Let’s finish by creating more visuals; this time, a series of maps. The core_data tibble includes longitude and latitude of each soil core, so we can use those coordinates to plot where the cores were taken in geographical space:

# Plot cores on a lat/long coordinate plane
map <- ggplot() + 
       geom_point(data = core_data, aes(x = core_longitude, y = core_latitude)) + # Add coordinate data
       theme_bw() + # Change the plot theme
       ggtitle("Distribution of Sampled Cores across CONUS") + # Give the plot a title
         xlab("Longitude") + # Change x axis title
         ylab("Latitude") # Change y axis title
map

Not bad, but we can do more. Let’s plot a coordinate display of our cores overlayed on top of a map of the conterminous US, and display cores by a color gradient corresponding to the fraction of organic matter. We’ll use many of the commands that we learned in this tutorial all in sequence.

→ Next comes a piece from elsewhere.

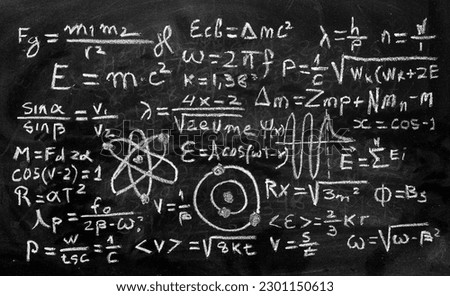 Operations and formulas of quantum physics handwritten with a chalk on the blackboard Royalty-Free Stock Photo #2301150613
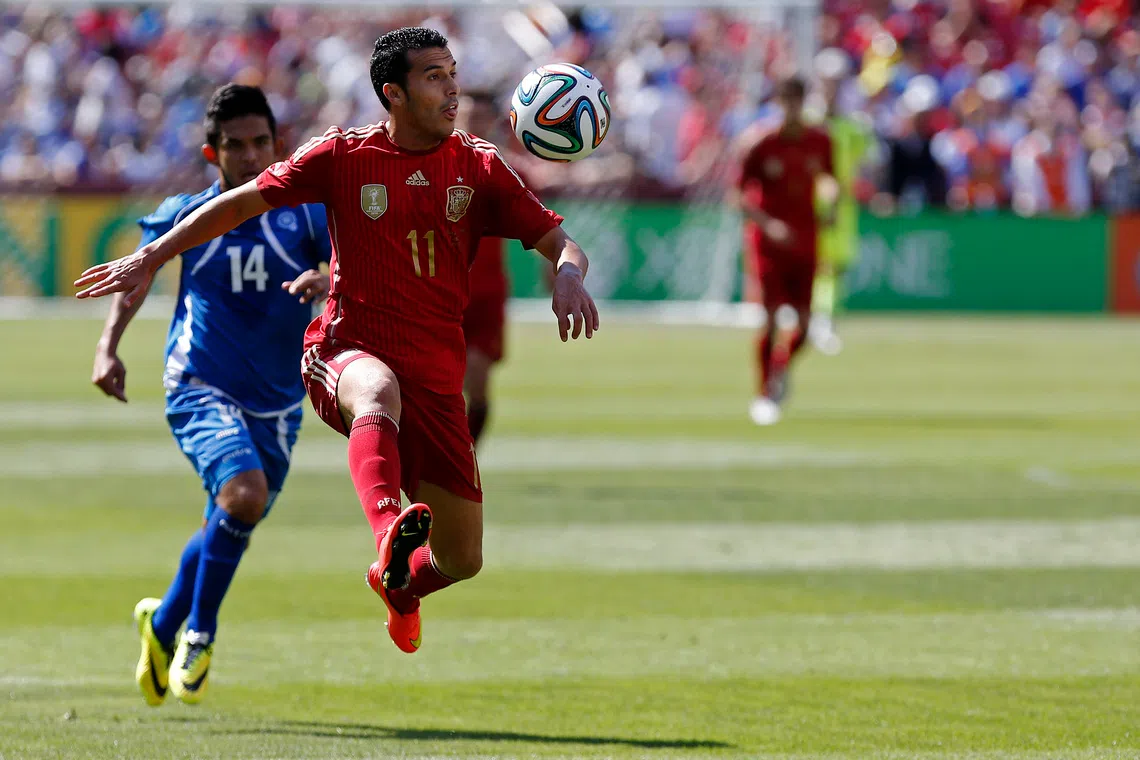 Jun 7, 2014; Landover, MD, USA; Spain midfielder Pedro Rodriguez (11) receives a pass in front of El Salvador forward Andres Flores (14) in the first half at FedEx Field. Spain won 2-0. Mandatory Credit: Geoff Burke-USA TODAY Sports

We’re also going to integrate a few other packages, ggmap and rgdal.

# Load new packages
devtools::install_github("dkahle/ggmap") # As of time of writing, this is a package that receives frequent updates. So it's good to install from GitHub
library(ggmap)
library(rgdal)

# Join core_data and depthseries_data
core_depth_data <- left_join(core_data, depthseries_data, by = NULL)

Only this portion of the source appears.